▸ TASK DESCRIPTION
In the listing below, the lines starting at the line with "Reliable#cobots #evsrobot #robot" and ending at the line with "I Became the" are to be output verbatim. Images stay out of the copy.

▸ DATA FOR THE TASK
◆ ◆ ◆ ◆ ◆ ◆ ◆

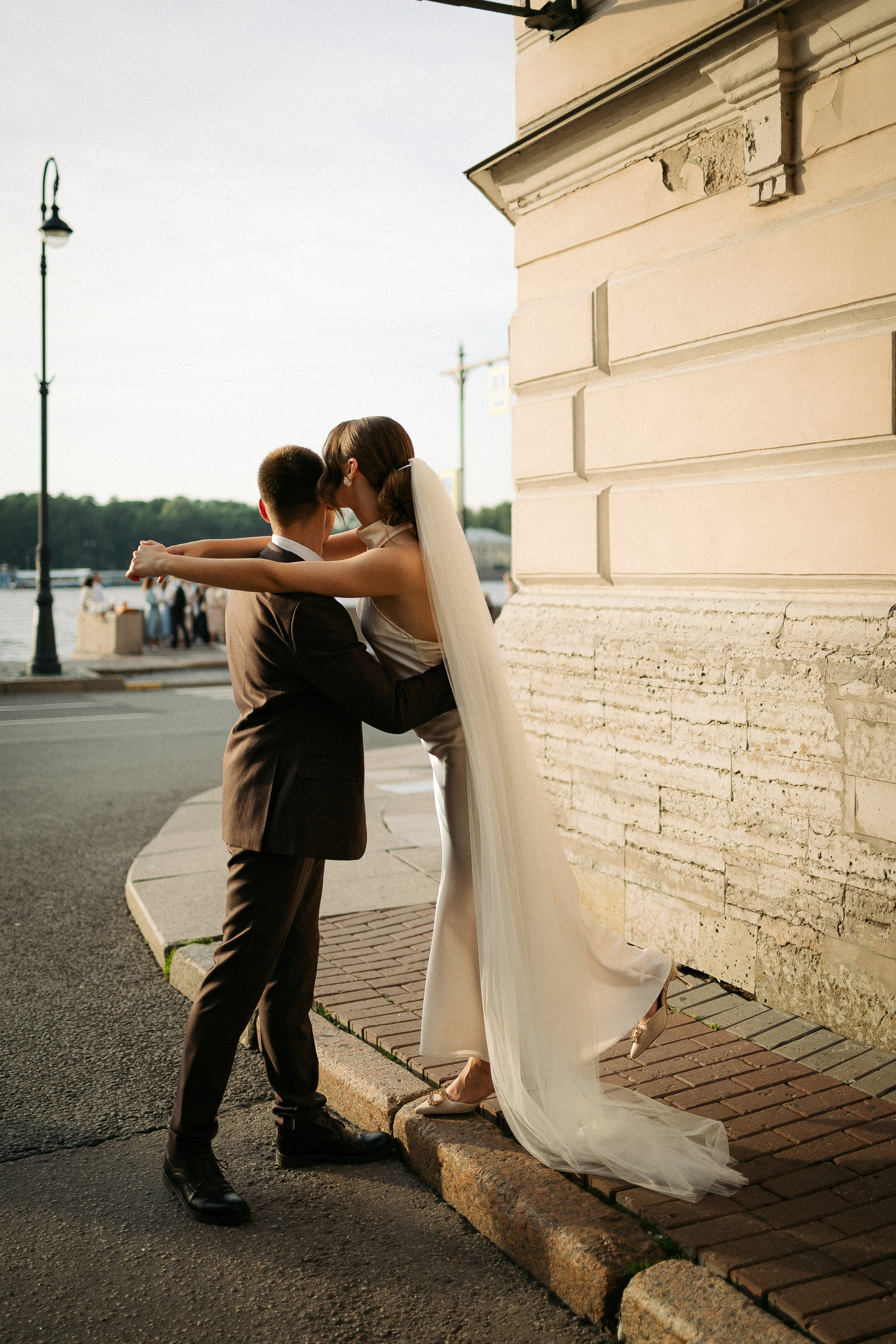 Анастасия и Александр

◆ ◆ ◆ ◆ ◆ ◆ ◆

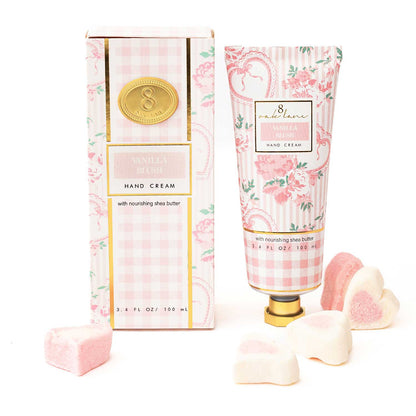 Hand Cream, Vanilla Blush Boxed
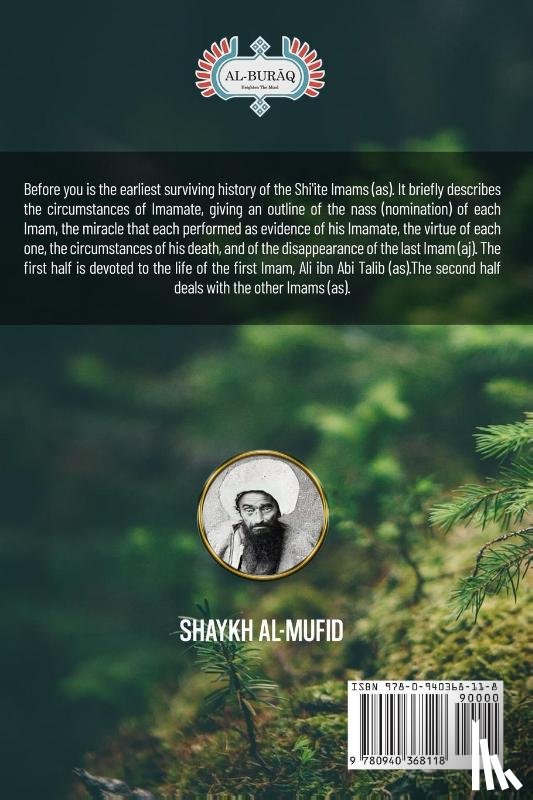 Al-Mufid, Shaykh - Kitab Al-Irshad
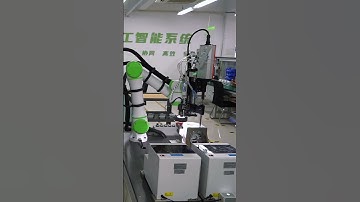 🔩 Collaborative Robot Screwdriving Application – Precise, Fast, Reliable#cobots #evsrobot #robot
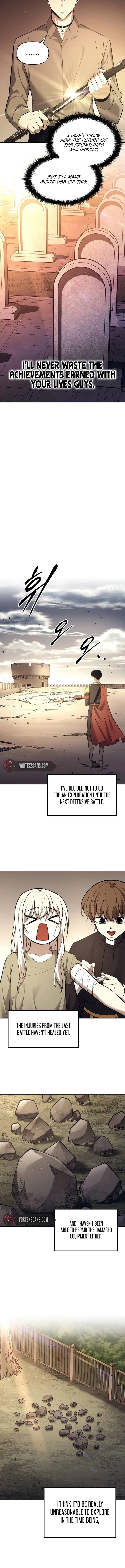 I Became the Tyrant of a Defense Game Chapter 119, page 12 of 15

◆ ◆ ◆ ◆ ◆ ◆ ◆

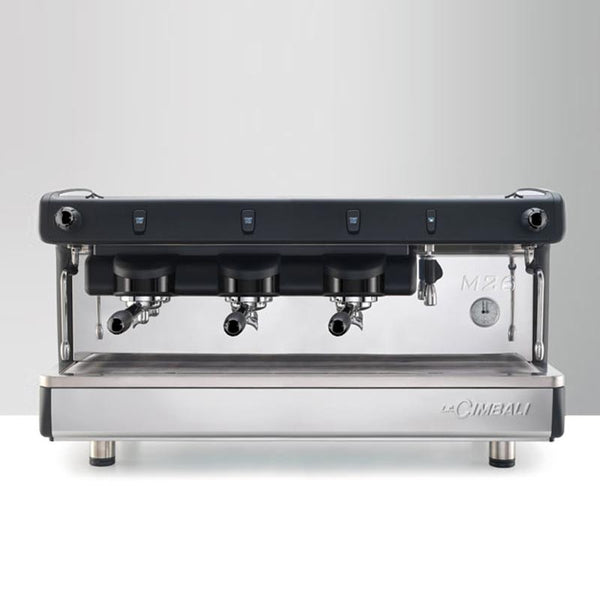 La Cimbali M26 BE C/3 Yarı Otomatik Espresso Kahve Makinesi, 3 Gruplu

◆ ◆ ◆ ◆ ◆ ◆ ◆

▸ TASK RESPONSE
 🔩 Collaborative Robot Screwdriving Application – Precise, Fast, Reliable#cobots #evsrobot #robot
 I Became the Tyrant of a Defense Game Chapter 119, page 12 of 15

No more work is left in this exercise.